Advancements in networking technology have provided faster, more flexible solutions for high-speed, high-throughput networks and cloud computing.
But these gains in efficiency are negated by commodity operating systems that can't handle the increased demand.
Jia Rao, an assistant professor of computer science at The University of Texas at Arlington, recently received a $249,732 grant from the National Science Foundation to develop a method to improve key aspects of network performance within commodity operating systems. Advances would allow users to take advantage of greater efficiency without having to bypass their operating systems.
"Commodity operating systems can deliver only a portion of the peak bandwidth promised and latency is unstable and unpredictable," Rao said. "This results in users paying substantial overhead on virtualized networks without any hope of capitalizing on the speed of high-speed networks."

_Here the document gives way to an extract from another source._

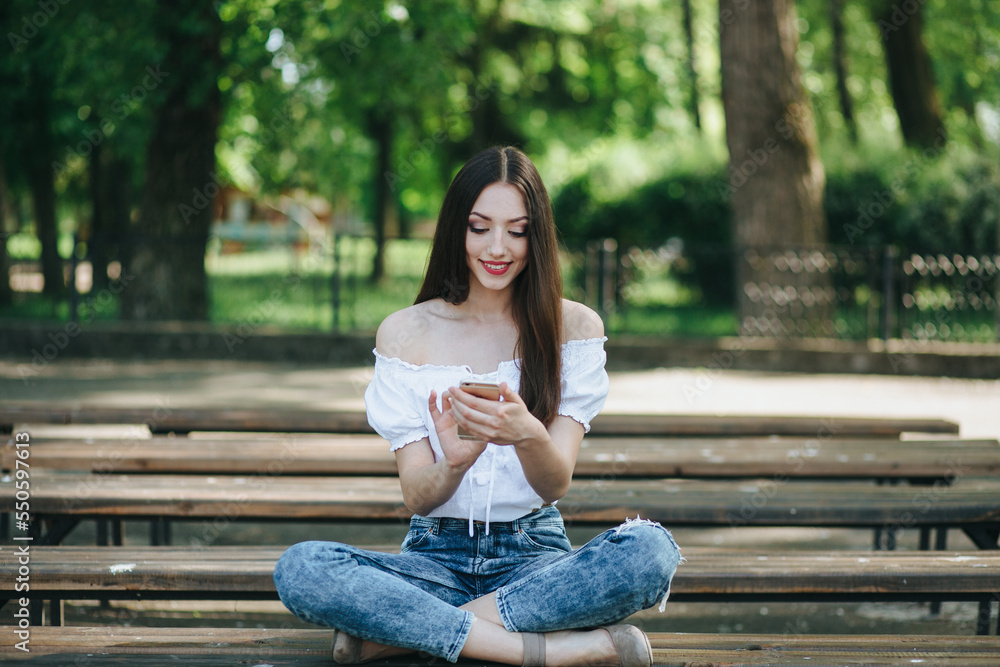 Young woman with smartphone and laptop on the bench Young woman with smartphone and laptop on the bench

Bottlenecks occur in two areas: high-speed devices and virtualized networks. New devices have much higher throughput and packet rate, or how many units of information can be sent and received per second by a device. Traditional operating systems are not suitable for the demand being placed on them.

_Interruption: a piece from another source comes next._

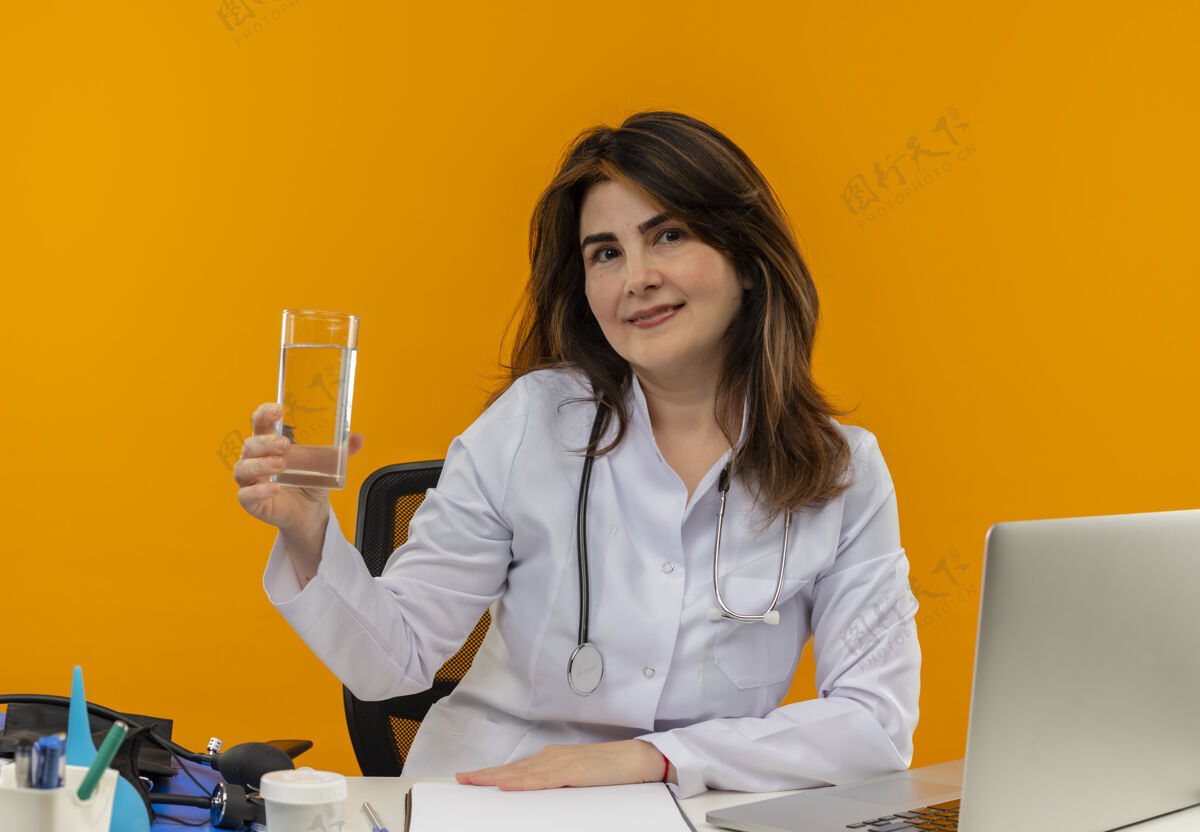水高兴的中年女医生穿着医用长袍和听诊器坐在办公桌旁 手里拿着医疗工具剪贴板和笔记本电脑 手放在办公桌上 手里拿着一杯水笔记本电脑人桌子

Cloud and virtualized networks offer great flexibility, but operating systems cannot efficiently respond to the network speeds required to run the software used to create the networks. Some users write their own code to bypass the operating system and eliminate these issues, but this solution takes a lot of engineering and expertise.

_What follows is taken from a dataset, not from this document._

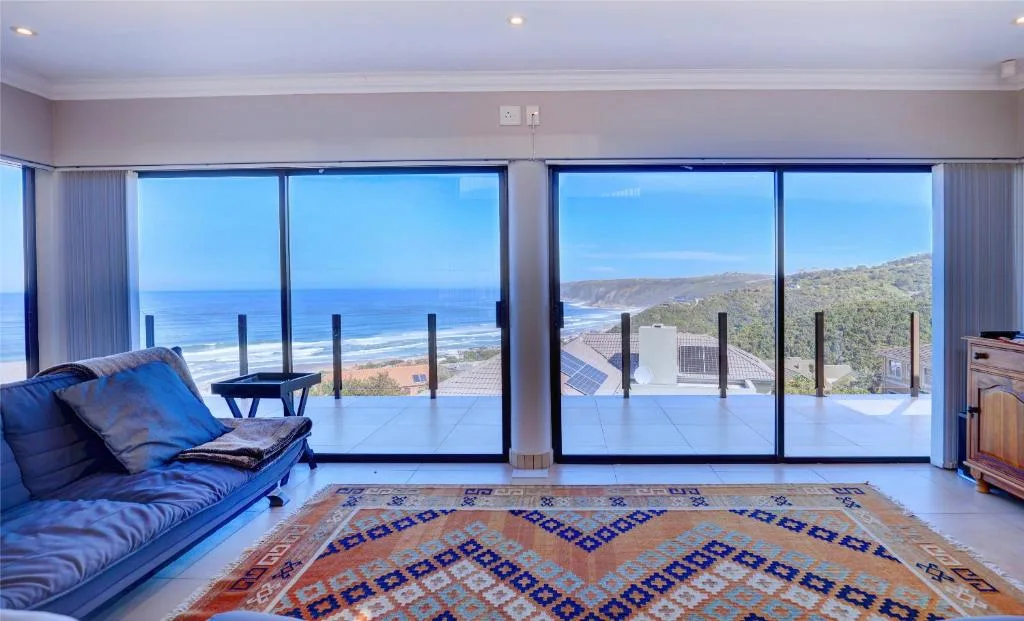 Expansive ocean and coastal mountain views from modern lounge with glass doors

Rao's work will focus mainly on large data center networks with a high-speed interconnect of 40 and 100 gigabytes. He hopes to develop a stress-testing approach to identify recurring bottlenecks and then design an efficient pipelining process; develop a multi-packet coalescing approach, in which packets are grouped to lower the amount of processing required to send them; and design a holistic scheduling algorithm to optimize virtualized network functions.
"Commodity operating systems have been under development for decades and have a full stack of support for multiple users that takes into account issues of fairness, service differentiation and reliability," Rao said. "We are taking a forward-looking approach to see what could happen in the future if we can develop a way in which operating systems can handle the demands of high-performance computing."
Rao's research is an example of UTA's work in data-driven discovery, one of four themes of the University's Strategic Plan 2020.
Rao joined UTA in 2016 and has done extensive research in improving efficiency in computing systems and networks. He received a National Science Foundation Early Career Development, or CAREER, Program grant in February to redesign abstractions in virtualized systems to improve efficiency.